75 Kubikmeter Wasser pro Sekunde
Seit den 1950er Jahren wird am Oberen Inn Strom aus Wasserkraft erzeugt. Die Kraftwerke Pradella-Martina und Prutz-Imst bilden dabei eine „Kraftwerkskette“, die auch Teil des Gemeinschaftskraftwerk Inn sind. Im Wesentlichen besteht das Gemeinschaftskraftwerk Inn aus drei Elementen: Stauraum und Wehranlage, Triebwasserstollen sowie Krafthaus. Im Grenzgebiet zwischen Martina und Nauders entstand die Wehranlage mit einem 15 m hohen Wehr zur Wasser fassung. Vom gestauten Wasser werden bis zu 75 m3/s in den 23.2 km langen Triebwasserstollen geleitet. Dieser mündet in den Druckschacht, der zu den Turbinen im Krafthaus in Prutz/Ried führt. Dort erzeugen zwei leistungsstarke Maschinensätze, bestehend aus je einer Francis-Turbine und einem Generator, umweltfreundlichen Strom. Das abgearbeitete Wasser fließt anschließend durch einen unterirdischen Kanal wieder zurück in den Inn.

Technische Daten

  • Leistung: 89 MW
  • Jahreserzeugung: ca. 414 GWh (vorb. Optimierung)
  • Ausbaudurchfluss: max. 75 m3/s
  • Fläche Wassereinzugsgebiet: 1960 km2
  • Investitionsvolumen: rund 605 Mio. Euro
  • Fallhöhe brutto: 160.7 m


Dynamisches Restwassermodell
Ein dynamisches Restwassermodell garantiert in den Sommermonaten ein natürliches Abflussverhalten des Inn. Als Referenz für die Abgabemenge dient der natürliche Zufluss des Inn bei St. Moritz: Je mehr Wasser die dortige Messstelle passiert, desto mehr Wasser wird am Wehr abgegeben. Durch die Reduzierung des Schwalls kann die ökologische Situation im Inn wesentlich verbessert und damit der aus der Schweiz kommende Schwall und Sunk fast zur Gänze abgemindert werden. Aus diesem Grund wurde das Projekt von den Schweizer Umweltbehörden mit erheblichen Finanzmitteln unterstützt.

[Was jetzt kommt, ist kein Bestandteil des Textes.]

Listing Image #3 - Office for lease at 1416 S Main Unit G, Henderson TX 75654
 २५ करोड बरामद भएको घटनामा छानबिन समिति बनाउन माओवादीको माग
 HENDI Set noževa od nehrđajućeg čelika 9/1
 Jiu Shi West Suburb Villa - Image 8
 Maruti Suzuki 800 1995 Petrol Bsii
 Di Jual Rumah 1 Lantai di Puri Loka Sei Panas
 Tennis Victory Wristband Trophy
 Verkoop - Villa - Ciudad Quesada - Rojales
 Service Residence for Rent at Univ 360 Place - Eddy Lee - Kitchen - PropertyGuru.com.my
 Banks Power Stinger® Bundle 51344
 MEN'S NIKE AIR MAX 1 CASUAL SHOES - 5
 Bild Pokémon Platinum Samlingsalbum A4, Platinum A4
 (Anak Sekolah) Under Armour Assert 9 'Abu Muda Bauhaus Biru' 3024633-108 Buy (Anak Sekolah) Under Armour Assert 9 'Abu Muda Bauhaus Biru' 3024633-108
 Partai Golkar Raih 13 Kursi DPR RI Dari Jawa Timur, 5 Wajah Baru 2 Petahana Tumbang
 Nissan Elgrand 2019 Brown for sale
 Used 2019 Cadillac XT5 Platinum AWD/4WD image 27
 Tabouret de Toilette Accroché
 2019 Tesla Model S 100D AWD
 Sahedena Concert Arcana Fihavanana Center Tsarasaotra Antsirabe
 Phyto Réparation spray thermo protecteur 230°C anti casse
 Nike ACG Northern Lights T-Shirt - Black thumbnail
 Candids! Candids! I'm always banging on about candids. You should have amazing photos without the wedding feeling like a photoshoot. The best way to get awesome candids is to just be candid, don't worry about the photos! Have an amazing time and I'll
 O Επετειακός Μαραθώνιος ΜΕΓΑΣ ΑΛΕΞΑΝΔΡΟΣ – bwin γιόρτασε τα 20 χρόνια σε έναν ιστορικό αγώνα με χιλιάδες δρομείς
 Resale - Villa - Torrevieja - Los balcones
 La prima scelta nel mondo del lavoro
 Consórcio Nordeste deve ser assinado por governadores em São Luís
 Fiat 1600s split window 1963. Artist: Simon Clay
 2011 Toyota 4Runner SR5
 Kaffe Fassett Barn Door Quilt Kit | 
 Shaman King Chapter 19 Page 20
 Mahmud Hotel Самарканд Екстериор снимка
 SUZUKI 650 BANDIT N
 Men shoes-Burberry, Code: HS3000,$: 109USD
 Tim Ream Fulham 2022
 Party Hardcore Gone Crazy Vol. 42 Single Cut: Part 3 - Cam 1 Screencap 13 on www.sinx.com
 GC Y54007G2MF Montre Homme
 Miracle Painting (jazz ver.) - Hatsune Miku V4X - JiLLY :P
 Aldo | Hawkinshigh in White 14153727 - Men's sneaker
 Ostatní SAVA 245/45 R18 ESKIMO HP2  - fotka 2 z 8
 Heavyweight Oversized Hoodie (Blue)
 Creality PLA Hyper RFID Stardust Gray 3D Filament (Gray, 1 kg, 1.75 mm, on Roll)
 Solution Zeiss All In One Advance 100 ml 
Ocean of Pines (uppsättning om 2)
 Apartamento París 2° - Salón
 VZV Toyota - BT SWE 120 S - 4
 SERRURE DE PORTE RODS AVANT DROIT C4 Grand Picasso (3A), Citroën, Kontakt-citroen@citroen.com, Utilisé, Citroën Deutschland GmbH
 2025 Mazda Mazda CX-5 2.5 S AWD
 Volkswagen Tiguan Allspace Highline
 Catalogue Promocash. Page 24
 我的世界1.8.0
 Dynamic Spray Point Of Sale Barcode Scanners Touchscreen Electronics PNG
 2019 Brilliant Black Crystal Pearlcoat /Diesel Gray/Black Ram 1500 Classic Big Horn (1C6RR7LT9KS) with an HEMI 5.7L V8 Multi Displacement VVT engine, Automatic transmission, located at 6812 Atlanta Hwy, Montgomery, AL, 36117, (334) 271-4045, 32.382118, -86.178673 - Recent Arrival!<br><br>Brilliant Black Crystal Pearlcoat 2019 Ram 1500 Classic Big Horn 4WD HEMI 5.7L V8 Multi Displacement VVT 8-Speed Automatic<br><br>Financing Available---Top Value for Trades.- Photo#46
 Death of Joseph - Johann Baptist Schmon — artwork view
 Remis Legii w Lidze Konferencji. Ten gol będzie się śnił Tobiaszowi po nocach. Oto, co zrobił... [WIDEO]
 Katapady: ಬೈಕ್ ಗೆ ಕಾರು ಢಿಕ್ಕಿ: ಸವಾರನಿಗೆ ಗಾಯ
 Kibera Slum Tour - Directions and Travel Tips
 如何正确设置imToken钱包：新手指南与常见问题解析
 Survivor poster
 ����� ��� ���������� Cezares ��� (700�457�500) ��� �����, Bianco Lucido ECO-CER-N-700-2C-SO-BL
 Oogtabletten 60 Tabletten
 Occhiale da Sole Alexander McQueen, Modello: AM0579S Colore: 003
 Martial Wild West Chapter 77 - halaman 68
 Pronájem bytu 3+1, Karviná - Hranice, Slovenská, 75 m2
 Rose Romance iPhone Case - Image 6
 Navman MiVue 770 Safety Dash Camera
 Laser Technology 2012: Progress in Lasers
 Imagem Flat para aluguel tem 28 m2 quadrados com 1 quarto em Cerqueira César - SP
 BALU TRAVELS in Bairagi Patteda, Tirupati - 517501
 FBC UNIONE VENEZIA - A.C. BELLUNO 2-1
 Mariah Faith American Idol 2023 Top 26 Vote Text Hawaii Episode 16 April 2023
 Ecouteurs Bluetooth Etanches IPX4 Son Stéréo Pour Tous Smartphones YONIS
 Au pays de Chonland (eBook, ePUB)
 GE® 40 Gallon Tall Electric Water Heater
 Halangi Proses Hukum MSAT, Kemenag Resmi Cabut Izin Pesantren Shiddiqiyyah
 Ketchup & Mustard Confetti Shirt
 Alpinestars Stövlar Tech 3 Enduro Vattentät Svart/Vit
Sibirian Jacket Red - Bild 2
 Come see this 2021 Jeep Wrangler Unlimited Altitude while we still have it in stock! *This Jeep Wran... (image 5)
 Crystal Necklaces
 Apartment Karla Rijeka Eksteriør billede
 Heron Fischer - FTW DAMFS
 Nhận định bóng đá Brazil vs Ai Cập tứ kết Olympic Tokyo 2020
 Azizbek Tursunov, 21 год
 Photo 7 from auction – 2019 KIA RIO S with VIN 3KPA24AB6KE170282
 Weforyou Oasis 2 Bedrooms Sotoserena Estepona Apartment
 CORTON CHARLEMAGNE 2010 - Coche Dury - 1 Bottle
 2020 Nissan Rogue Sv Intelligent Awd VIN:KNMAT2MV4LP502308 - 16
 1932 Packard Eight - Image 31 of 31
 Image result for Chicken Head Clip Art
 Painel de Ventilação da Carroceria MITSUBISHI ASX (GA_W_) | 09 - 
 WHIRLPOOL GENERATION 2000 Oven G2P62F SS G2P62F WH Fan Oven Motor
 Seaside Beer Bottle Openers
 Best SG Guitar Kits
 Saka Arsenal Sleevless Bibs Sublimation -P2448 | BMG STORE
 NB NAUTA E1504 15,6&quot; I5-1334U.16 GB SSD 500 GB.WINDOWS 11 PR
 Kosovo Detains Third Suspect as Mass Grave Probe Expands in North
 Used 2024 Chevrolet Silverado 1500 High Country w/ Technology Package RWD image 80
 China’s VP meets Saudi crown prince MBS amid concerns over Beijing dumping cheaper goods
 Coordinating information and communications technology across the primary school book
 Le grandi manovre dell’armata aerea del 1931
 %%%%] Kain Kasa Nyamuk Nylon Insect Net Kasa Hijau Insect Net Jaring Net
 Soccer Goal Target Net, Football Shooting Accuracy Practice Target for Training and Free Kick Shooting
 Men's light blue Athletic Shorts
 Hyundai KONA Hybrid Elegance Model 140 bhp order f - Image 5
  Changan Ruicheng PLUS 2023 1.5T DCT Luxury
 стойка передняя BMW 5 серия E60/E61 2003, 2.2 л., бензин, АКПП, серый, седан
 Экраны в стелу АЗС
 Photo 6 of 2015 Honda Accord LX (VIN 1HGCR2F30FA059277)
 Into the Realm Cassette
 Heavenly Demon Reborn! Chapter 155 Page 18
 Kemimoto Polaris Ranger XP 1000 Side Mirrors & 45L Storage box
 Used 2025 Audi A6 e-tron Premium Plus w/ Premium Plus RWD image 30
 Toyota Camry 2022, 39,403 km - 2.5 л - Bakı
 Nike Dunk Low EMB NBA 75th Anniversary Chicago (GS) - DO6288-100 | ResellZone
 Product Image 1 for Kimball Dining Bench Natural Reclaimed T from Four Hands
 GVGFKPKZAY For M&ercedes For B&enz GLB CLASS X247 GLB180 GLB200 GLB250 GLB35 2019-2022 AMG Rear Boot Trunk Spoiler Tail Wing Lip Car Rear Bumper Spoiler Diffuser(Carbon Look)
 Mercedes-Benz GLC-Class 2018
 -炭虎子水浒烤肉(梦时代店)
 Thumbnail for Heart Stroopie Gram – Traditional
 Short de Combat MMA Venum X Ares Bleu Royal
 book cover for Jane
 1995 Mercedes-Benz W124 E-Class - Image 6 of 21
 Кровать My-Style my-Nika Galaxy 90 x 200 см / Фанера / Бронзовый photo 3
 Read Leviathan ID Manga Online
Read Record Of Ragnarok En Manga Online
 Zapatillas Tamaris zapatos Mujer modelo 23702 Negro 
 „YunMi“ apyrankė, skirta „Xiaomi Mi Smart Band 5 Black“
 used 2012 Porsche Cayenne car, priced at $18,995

Aufwendig und herausfordernd Bauarbeiten
Die Bauarbeiten an den einzelnen Abschnitten gestalteten sich in den vergangenen Jahren als aufwendig und herausfordernd. Die meteorologischen wie geologischen Rahmenbedingungen an der Wehrbaustelle Ovella sorgten für Verzögerungen, die Beschaffenheit des Gesteins verlangsamte auch den Vortrieb des Triebwasserstollens durch die beiden Tunnelbohrmaschinen.

Umfangreiche Ausgleichsmassnahmen
Besonderer Fokus lag bei der gesamten Konzeption und Umsetzung auf einer naturnahen Gestaltung der Gesamtanlage. So garantiert ein dynamisches Restwassermodell an der Wehranlage ein natürliches Abflussverhalten des Inn. Dies verbessert die ökologische Situation im Inn wesentlich und die bestehenden von Kraftwerken verursachten Abflussschwankungen können so eliminiert werden. Eine Fischwanderhilfe ermöglicht zudem die Durchgängigkeit der Anlage für Fische und andere Flusslebewesen.

Generell wurden und werden alle durch die Bauarbeiten beanspruchten Flächen begrünt, bepflanzt oder aufgeforstet. Auf der ehemaligen Baustelleneinrichtungsfläche in Maria Stein wird noch bis 2023 ein weitläufiges Biotop mit neuen Lebensräumen für Fische und Kleintiere geschaffen. Die Umgebung wird zudem renaturiert, wodurch eine abwechslungsreiche Auenlandschaft entsteht. Auch in der Schweiz entstand eine umfangreiche Ausgleichsmassnahme unterhalb des Dorfes Ramosch. Die Aue Panas-ch wurde in Zusammenhang mit dem neuen Kraftwerk umfassend revitalisiert.